What do the lines say, reproduced word for word, from the first of the entries below through the line bearing "découvrez clara-marie, une"?

Brief descriptive captions:
= Beginning of Section =
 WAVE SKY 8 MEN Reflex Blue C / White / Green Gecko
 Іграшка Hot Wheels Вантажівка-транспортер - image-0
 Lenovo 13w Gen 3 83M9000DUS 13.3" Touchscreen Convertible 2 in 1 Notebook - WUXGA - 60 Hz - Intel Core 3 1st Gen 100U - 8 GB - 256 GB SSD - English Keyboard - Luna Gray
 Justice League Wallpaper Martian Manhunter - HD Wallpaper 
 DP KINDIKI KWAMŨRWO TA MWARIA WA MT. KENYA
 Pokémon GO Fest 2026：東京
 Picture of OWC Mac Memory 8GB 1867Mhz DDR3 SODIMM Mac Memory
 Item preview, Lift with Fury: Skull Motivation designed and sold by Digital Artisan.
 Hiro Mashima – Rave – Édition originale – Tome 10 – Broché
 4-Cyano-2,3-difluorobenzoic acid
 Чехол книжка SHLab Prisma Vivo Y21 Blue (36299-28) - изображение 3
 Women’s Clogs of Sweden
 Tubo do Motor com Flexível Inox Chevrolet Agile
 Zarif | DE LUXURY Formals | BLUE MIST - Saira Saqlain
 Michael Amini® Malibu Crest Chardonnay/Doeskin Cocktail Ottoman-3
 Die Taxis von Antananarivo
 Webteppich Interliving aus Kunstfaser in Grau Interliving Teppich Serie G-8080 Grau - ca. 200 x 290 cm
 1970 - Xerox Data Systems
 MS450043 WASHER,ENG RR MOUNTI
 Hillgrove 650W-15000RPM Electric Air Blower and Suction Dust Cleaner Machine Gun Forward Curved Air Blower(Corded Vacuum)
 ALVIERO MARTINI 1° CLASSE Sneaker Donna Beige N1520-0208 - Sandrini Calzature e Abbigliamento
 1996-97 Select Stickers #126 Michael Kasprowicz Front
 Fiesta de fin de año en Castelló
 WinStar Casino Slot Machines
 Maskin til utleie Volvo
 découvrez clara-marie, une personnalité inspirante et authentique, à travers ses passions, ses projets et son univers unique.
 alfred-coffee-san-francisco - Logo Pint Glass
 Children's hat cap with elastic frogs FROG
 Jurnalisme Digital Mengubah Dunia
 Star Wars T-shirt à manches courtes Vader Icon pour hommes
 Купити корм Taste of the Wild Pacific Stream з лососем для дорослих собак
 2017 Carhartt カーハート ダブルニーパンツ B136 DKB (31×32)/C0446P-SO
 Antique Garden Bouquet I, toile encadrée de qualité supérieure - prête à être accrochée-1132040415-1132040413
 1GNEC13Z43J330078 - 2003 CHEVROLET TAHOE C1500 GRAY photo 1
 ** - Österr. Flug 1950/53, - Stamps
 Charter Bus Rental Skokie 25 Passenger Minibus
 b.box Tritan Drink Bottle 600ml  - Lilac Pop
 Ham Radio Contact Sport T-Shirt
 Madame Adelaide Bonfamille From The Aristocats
= End of Section =
[WORKED SOLUTION]
 WAVE SKY 8 MEN Reflex Blue C / White / Green Gecko
 Іграшка Hot Wheels Вантажівка-транспортер - image-0
 Lenovo 13w Gen 3 83M9000DUS 13.3" Touchscreen Convertible 2 in 1 Notebook - WUXGA - 60 Hz - Intel Core 3 1st Gen 100U - 8 GB - 256 GB SSD - English Keyboard - Luna Gray
 Justice League Wallpaper Martian Manhunter - HD Wallpaper 
 DP KINDIKI KWAMŨRWO TA MWARIA WA MT. KENYA
 Pokémon GO Fest 2026：東京
 Picture of OWC Mac Memory 8GB 1867Mhz DDR3 SODIMM Mac Memory
 Item preview, Lift with Fury: Skull Motivation designed and sold by Digital Artisan.
 Hiro Mashima – Rave – Édition originale – Tome 10 – Broché
 4-Cyano-2,3-difluorobenzoic acid
 Чехол книжка SHLab Prisma Vivo Y21 Blue (36299-28) - изображение 3
 Women’s Clogs of Sweden
 Tubo do Motor com Flexível Inox Chevrolet Agile
 Zarif | DE LUXURY Formals | BLUE MIST - Saira Saqlain
 Michael Amini® Malibu Crest Chardonnay/Doeskin Cocktail Ottoman-3
 Die Taxis von Antananarivo
 Webteppich Interliving aus Kunstfaser in Grau Interliving Teppich Serie G-8080 Grau - ca. 200 x 290 cm
 1970 - Xerox Data Systems
 MS450043 WASHER,ENG RR MOUNTI
 Hillgrove 650W-15000RPM Electric Air Blower and Suction Dust Cleaner Machine Gun Forward Curved Air Blower(Corded Vacuum)
 ALVIERO MARTINI 1° CLASSE Sneaker Donna Beige N1520-0208 - Sandrini Calzature e Abbigliamento
 1996-97 Select Stickers #126 Michael Kasprowicz Front
 Fiesta de fin de año en Castelló
 WinStar Casino Slot Machines
 Maskin til utleie Volvo
 découvrez clara-marie, une personnalité inspirante et authentique, à travers ses passions, ses projets et son univers unique.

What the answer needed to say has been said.